Theoretical Guarantees

  • Theorem 1: The coverage of RCP1 satisfies \(\Pr[Y \in C_\epsilon^{RCP1}(X)] \geq 1-\alpha\) for any adversarial perturbation within radius \(\epsilon\).
  • Theorem 2: The expected prediction set size of RCP1 is no larger than that of smoothed RCP with \(N\) samples; the two converge as \(N \to \infty\).

Key Experimental Results

Main Results — CIFAR-10 Classification (\(\epsilon = 0.25\), \(\alpha = 0.1\))

Method Forward Passes Avg. Set Size↓ Coverage
RSCP+ (deterministic) 1 4.82 0.912
RSCP (N=100) 100 2.31 0.903
SmoothFull (N=100) 100 2.15 0.907
RCP1 (Ours) 1 1.98 0.905

CIFAR-100 Classification (\(\epsilon = 0.25\), \(\alpha = 0.1\))

Method Forward Passes Avg. Set Size↓ Coverage
RSCP+ 1 28.7 0.914
RSCP (N=100) 100 14.2 0.906
SmoothFull (N=100) 100 12.8 0.909
RCP1 1 11.3 0.903

Ablation Study — Effect of Noise Radius \(\epsilon\) (CIFAR-10)

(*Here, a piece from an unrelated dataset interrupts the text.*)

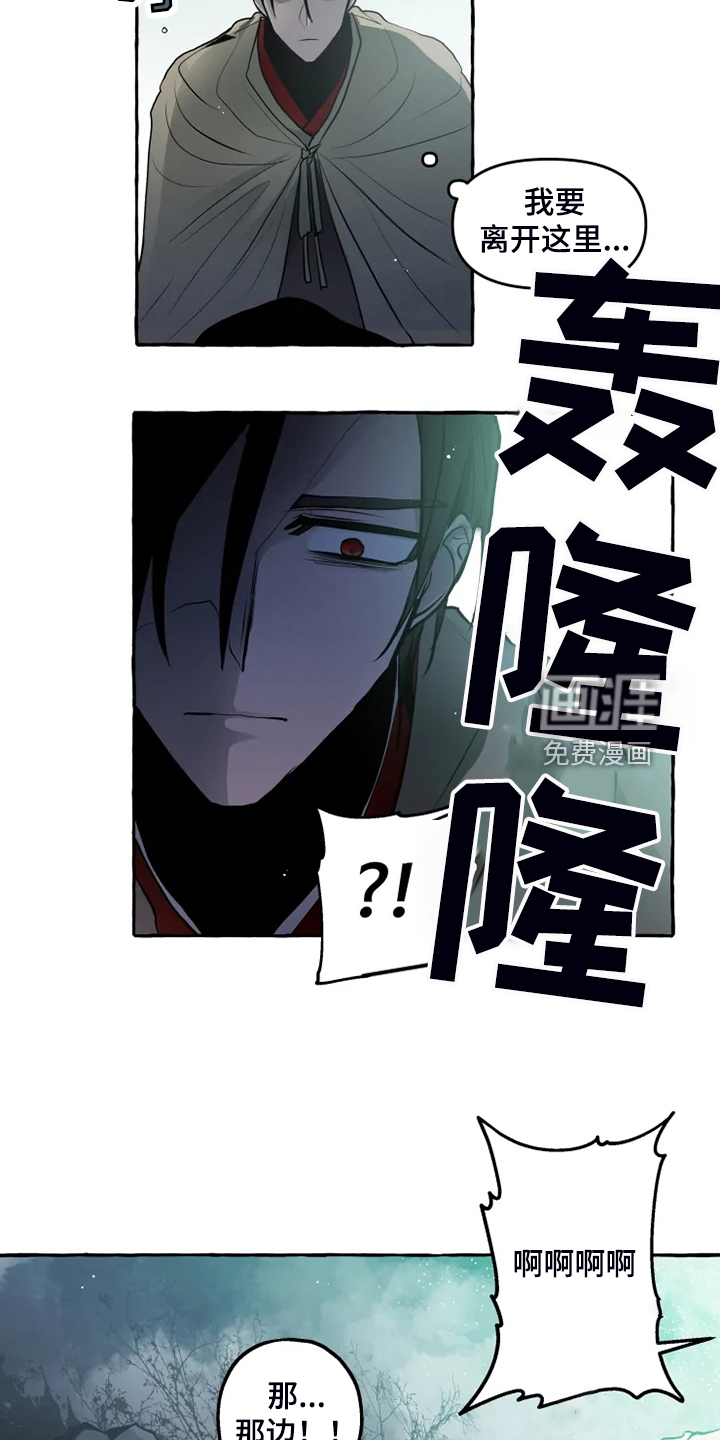 第41话3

\(\epsilon\) RSCP+ Set Size SmoothFull Set Size RCP1 Set Size
0.125 2.41 1.52 1.38
0.25 4.82 2.15 1.98
0.5 7.93 3.87 3.52
1.0 9.85 6.14 5.71

Key Findings

  • RCP1 achieves smaller prediction sets than the 100-sample SOTA baseline using only a single forward pass.
  • The deterministic method RSCP+ produces sets 2–3× larger than RCP1.
  • Coverage guarantees are satisfied in all cases, consistent with theoretical requirements.
  • The advantage of RCP1 over baselines becomes more pronounced as \(\epsilon\) increases.
  • The method is also effective on regression tasks.

Highlights & Insights

  • Elegant conceptual shift: Transitioning from "certifying each score" to "certifying the entire procedure" elegantly bypasses the computational bottleneck of smoothing.
  • 100× speedup: Reducing inference-time forward passes from 100 to 1 has significant practical deployment value.
  • Theory–experiment consistency: Theoretical analysis of prediction set sizes aligns perfectly with empirical results.
  • Task-agnostic: Applicable to both classification and regression settings.

Limitations & Future Work

  • Robustness guarantees are restricted to \(\ell_2\)-norm ball perturbations; other threat models (\(\ell_\infty\), semantic perturbations) require separate analysis.
  • Single-sample estimation introduces randomness, which may yield conservative sets in extreme cases.
  • The choice of certificate affects performance; the optimal certificate requires knowledge of the noise distribution.
  • RSCP (Gendler et al. 2022): Pioneering work on smoothing-based robust conformal prediction.
  • RSCP+ (Yan et al. 2024): Deterministic robust conformal prediction.
  • Randomized Smoothing (Cohen et al. 2019): Foundational framework for adversarial robustness certification.
  • Inspiration: The procedure-level certification paradigm may generalize to other statistical inference tasks.

Rating

  • Novelty: ⭐⭐⭐⭐⭐ The procedure-level certification idea is pioneering.
  • Experimental Thoroughness: ⭐⭐⭐⭐ Validated across multiple datasets and tasks.
  • Writing Quality: ⭐⭐⭐⭐ Motivation and theoretical exposition are clearly presented.
  • Value: ⭐⭐⭐⭐⭐ The 100× speedup carries substantial significance for practical deployment.